NHS beds in the community – intended to ease pressure on hospitals – are already full across mid and south Essex ahead of the winter season as medics brace themselves for potential surge in COVID cases and flu.
The Mid and South Essex Clinical Commissioning Group joint committee, which funds frontline healthcare, was told of the worrying position as they grapple with a rise in demand with additional concern over staffing.
The NHS trust oversees four wards with 104 beds in community facilities along with 26 stroke support beds and the equivalent of up to 20 “recovery at home beds”.
The committee heard all the beds are currently full of patients being discharged from hospital ahead of the winter season which traditionally sees a rise in demand for hospitals.
A resurgence in COVID is also predicted this winter which could make the situation more acute.
Anthony McKeever, joint accountable officer, said the social care backdrop and staffing were key issues.

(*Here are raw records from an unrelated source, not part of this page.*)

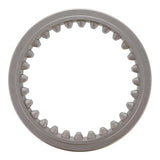 PAI INDUSTRIES ­-­ 806813 ­-­ ENGAGING RING CLUTCH REPLACES VOLVO 22368562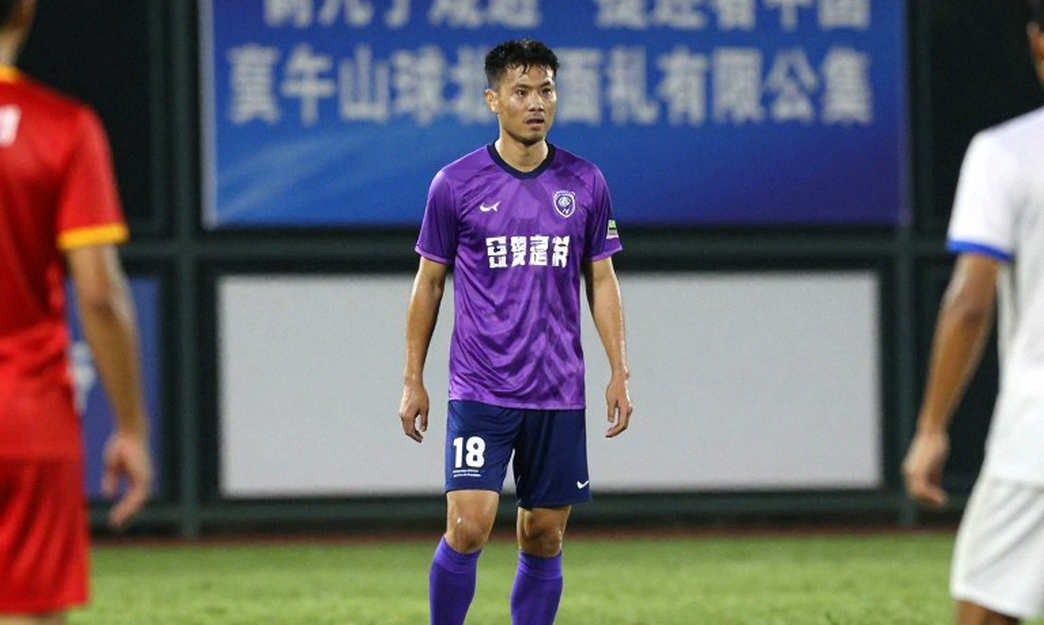 Vietnam 0-2 Thailand: The Gap Was Not Where Xuan Son's Name Was Missing Vietnam 0-2 Thailand: The Gap Was Not Where Xuan Son's Name Was Missing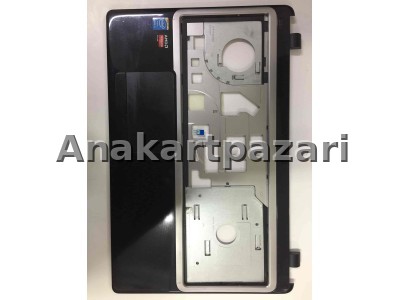 PACKARD BELL V5WT2 ÜST KASA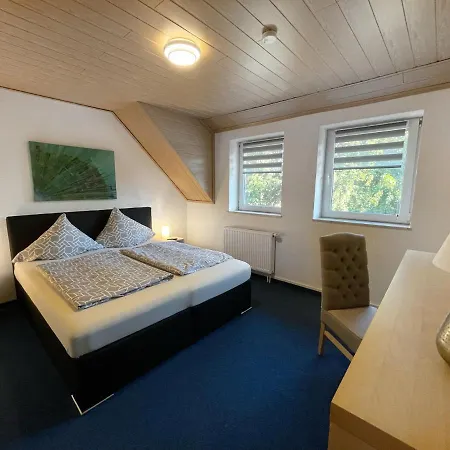 Schweier Krug Schwei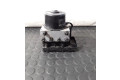 Jednotka ABS 1J0907379P   Seat Toledo I (1L) 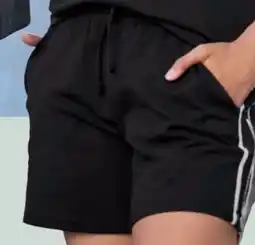 NKD Damen Shorts Angebot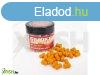 Madix Fst Wafters Dumbell Method Csali Eper 8x10mm 25g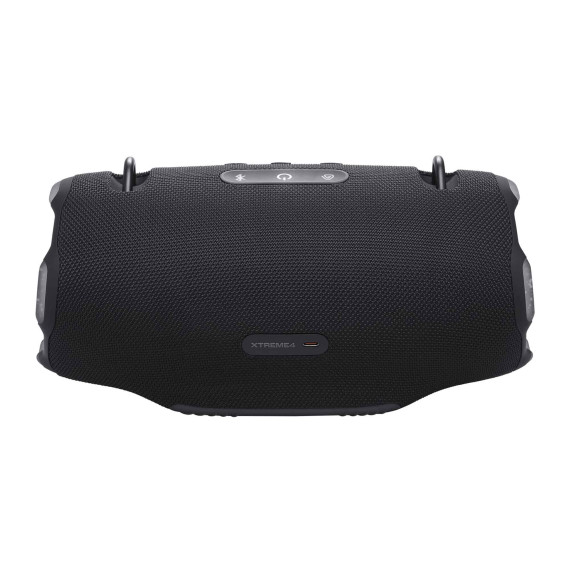 bluetooth დინამიკი JBL Xtreme 4 (BK)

He said: “Part of the problem is difficulties in social care and getting domicillary packages. This means patients are flowing into community beds to keep the front door of the hospitals open but another of the pressures people are trying to juggle is staffing.
“It’s not entirely clear to me whether, if we wanted to create more community beds, we would have the staff to do that. As I understand it the only opportunity to increase the number of community beds to facilitate step up would involve shutting down other community services as we did in COVID.”
Karen Wesson, director of commissioning, performance and emergency planning, underlined the seriousness of the situation.
She added: “Because of trying to maintain flow within the hospital the community beds are constantly full so there aren’t ever any empty beds for the urgent community response team to use so that maybe one of the areas of challenge.
“We want to reduce demand and make sure people are cared for closer to home as well.”
Dr Anna Davey, chairman of the joint committee, said the system had worked well in the past, adding: “There are patients who never went into hospital at all and that’s why the step-up beds are important.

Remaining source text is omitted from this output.